IEEE S&P stands for IEEE Symposium on Security and Privacy and it’s one of the four major security conferences (CCS, S&P, USENIX, NDSS) in the field of computer security, considered to be the highest level conference among them. Since 1980, the IEEE Symposium on Security and Privacy has been the premier forum for presenting developments in computer security and electronic privacy, and for bringing together researchers and practitioners in the field. In order to distinguish it from a journal called IEEE Security & Privacy, ‘Oakland’ also referred to this conference because it is held annually in Oakland, USA.
In China, IEEE S&P is rated as a Class A conference in the recommendation list from CCF (China Computer Society) which is a national authoritative academic organization in the computer field. In other words, the international publications and conferences recommended and assessed by CCF is the most authoritative in China.
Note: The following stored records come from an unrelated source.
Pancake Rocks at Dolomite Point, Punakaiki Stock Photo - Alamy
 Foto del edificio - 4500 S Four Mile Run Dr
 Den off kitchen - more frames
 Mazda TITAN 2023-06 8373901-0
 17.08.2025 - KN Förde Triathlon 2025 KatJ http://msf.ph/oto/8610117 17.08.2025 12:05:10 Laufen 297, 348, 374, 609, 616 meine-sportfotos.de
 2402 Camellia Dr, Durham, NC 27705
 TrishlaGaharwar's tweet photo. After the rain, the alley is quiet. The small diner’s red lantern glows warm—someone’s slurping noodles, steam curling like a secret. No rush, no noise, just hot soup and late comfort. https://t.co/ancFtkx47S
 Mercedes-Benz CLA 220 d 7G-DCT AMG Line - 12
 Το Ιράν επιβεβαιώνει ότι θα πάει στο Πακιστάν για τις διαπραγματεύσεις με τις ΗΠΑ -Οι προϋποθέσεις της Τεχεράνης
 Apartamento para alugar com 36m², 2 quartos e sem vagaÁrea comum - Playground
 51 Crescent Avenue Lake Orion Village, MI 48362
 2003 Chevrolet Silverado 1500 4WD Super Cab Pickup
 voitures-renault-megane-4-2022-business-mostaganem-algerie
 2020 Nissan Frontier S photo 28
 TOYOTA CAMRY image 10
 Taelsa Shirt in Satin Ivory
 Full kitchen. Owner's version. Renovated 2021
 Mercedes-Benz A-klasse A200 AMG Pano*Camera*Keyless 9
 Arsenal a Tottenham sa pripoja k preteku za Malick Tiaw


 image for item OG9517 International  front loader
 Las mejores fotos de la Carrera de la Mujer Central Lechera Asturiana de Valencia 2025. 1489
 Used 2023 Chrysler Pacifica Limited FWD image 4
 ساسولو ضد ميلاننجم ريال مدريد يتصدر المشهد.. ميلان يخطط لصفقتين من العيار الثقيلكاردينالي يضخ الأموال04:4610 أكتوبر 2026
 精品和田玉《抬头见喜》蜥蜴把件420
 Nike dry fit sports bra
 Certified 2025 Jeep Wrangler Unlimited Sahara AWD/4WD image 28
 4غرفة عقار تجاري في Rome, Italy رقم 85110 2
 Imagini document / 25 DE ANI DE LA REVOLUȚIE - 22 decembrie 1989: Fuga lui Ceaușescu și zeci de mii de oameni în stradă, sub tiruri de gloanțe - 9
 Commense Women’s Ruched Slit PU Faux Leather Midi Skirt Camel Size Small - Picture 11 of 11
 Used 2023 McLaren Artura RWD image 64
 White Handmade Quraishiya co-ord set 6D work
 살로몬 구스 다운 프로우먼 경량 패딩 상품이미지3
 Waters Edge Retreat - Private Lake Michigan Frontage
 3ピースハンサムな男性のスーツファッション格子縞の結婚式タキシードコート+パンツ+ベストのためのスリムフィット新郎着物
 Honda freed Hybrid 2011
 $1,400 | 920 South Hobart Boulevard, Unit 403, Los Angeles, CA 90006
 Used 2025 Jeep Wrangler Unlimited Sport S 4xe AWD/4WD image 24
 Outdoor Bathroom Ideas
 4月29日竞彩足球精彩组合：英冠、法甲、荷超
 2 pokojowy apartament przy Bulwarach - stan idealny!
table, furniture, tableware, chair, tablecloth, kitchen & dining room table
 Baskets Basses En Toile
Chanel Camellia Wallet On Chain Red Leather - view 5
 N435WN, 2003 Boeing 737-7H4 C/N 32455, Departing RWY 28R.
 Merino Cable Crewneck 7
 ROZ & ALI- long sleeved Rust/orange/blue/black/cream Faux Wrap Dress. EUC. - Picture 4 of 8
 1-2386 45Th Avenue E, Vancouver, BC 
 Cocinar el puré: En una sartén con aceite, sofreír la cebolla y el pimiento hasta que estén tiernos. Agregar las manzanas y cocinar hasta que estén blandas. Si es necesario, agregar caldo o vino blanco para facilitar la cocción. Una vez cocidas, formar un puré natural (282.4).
This list divides various areas and directions of the computer field into 10 categories and in each category, high-level conferences and publications will be picked out and rated as level A, B and C by expert groups. The difficulty of paper publication from the level A is the highest with relatively paper level.
Due to the natural relation among blockchain, computer security and cryptography, the four major security conferences above, the three major cryptography conferences (CRYPTO, EUROCRYPT, ASIACRYPT) and FC constitute the most important academic conferences in the blockchain field. Most of the important papers will be published at these conferences and S&P is one of the most important conferences.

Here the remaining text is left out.